We call these information implicit feedback. Since the rating matrix is sparse, we need implicit feedback to improve our algorithms. Generally, implicit feedback are greatly larger thanrating records.
We denote all the items that the $U$'th user provided implicit feedback by $F(U)$. Then the decomposition becomes:
\[ \begin{aligned} M_{UI}'= & \sigma+b_U+b_I+\sum_k P_{Uk}\cdot \\ & \left(Q_{kI}+|F(U)|^{-1/2}\sum_{j\in F(U)}y_{jk}\right) \end{aligned}\]
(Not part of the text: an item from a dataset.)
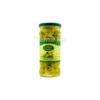 Virginia Green Garden Pitted Green Olives 340g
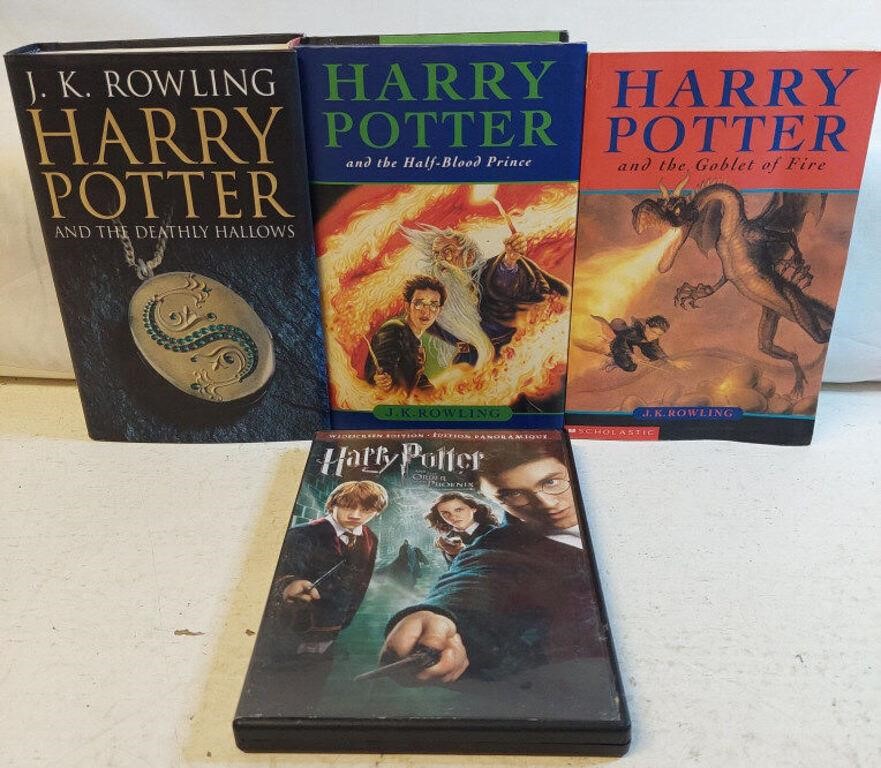 Harry Potter Books/Movie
and the error function becomes:
\[ \begin{aligned} SSE = & \sum_{(U,I)\in S_M}(M_{UI}-M_{UI}')^2 \\ & +\lambda\Big(\sum_U|P_U|^2_2 +\sum_I|Q_I|^2_2 \\ & + \sum_U|b_U|2+\sum_I|b_I|2 \\ & +\sum_{j}|y_j|^2_2 \Big)
\end{aligned} \]
Note that $y_j$ are variables that need to be updated. Their updating formulas are:
\[ \begin{aligned} y_j= & y_j+\alpha \frac{1}{RMSE}\Big( M_{UI}-M'_{UI}\Big)|F(U)|^{-1/2} \\ & -\alpha \frac{1}{RMSE}\lambda\ y_j \end{aligned}\]
Bias SVD with weight
Now we propose an improved algorithm. We noticed that some users had rated many items, while some users had only rated a few items (even 1 or 2 item(s)).
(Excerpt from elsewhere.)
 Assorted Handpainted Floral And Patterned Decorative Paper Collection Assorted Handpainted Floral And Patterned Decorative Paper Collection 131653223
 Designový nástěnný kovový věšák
It is clear that if a user rated a large number of items, its contribution to the recommender system should be greatly useful.Based on this, we added weight to each user, denoted by $\omega_U$, which is related to the number of items rated by $U$'th user. In this case, when we update $Q_I$, the updating formula becomes:
\[ \begin{aligned} Q_{kI}= & Q_{kI}+\alpha\frac{1}{RMSE}\left( M_{UI}-\sum_{k} P_{Uk}Q_{kI} \right)\omega_U P_{Uk} \\ & +\alpha\frac{1}{RMSE}\lambda Q_{kI} \end{aligned}\]
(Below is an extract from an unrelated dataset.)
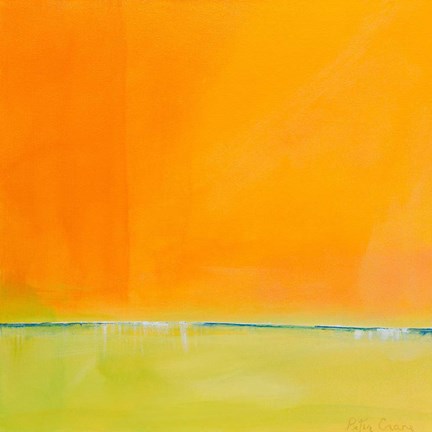 Framed Here and Now Print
Application and Comparison
In this section, we will use Book-Crossing Dataset to test our algorithms and compare their accuracy.This dataset has up to $10^5$ users' rating records among $10^5$ different books. Also, this dataset provides implicit data. Due to the limitation of laptop's CPU, we only test $10^3,2\cdot 10^3,3\cdot 10^3$ many data.Codes are available on GitHub
We can see that with the consideration of bias, the accuracy rapidly increased, from about $7.0$ to $1.8$. With the consideration of weights, the accuracy increased a little, compared with biasSVD. Furthermore, SVD++ have the most accuracy among algorithms we discussed before.
Conclusion
Matrix factorization provides a efficient method for us to establish the recommender system. Since we do not need to store the entire rating matrix, the algorithms can be run even on personal computer with limited performance. However, the speed of algorithms becomes significantly slow when the dimensions increase. One of the solution is change gradient descent to stochastic gradient descent, which generally performs faster.
However, matrix factorization still has its disadvantage. If our rating matrix changes, for example, we add some new users and their rating records, then we have to run the whole algorithm again, even though the changes are slight. In fact, the rating record is dynamic in reality, and it is inefficient to update the recommender system in this way. Fortunately, we can combine traditional algorithms with deep learning, which allow us to update our system online.
References
- Improving Recommendation Lists Through Topic Diversification, Cai-Nicolas Ziegler, Sean M. McNee, Joseph A. Konstan, Georg Lausen; Proceedings of the 14th International World Wide Web Conference (WWW '05), May 10-14, 2005, Chiba, Japan.
- Koren Y, Bell R, Volinsky C. Matrix factorization techniques for recommender systems[J]. Computer, 2009 (8): 30-37]
- Salakhutdinov R, Mnih A. Probabilistic matrix factorization. NIPS, 2008.
- Rendle, Steffen. "Factorization machines." Data Mining (ICDM), 2010 IEEE 10th International Conference on. IEEE, 2010.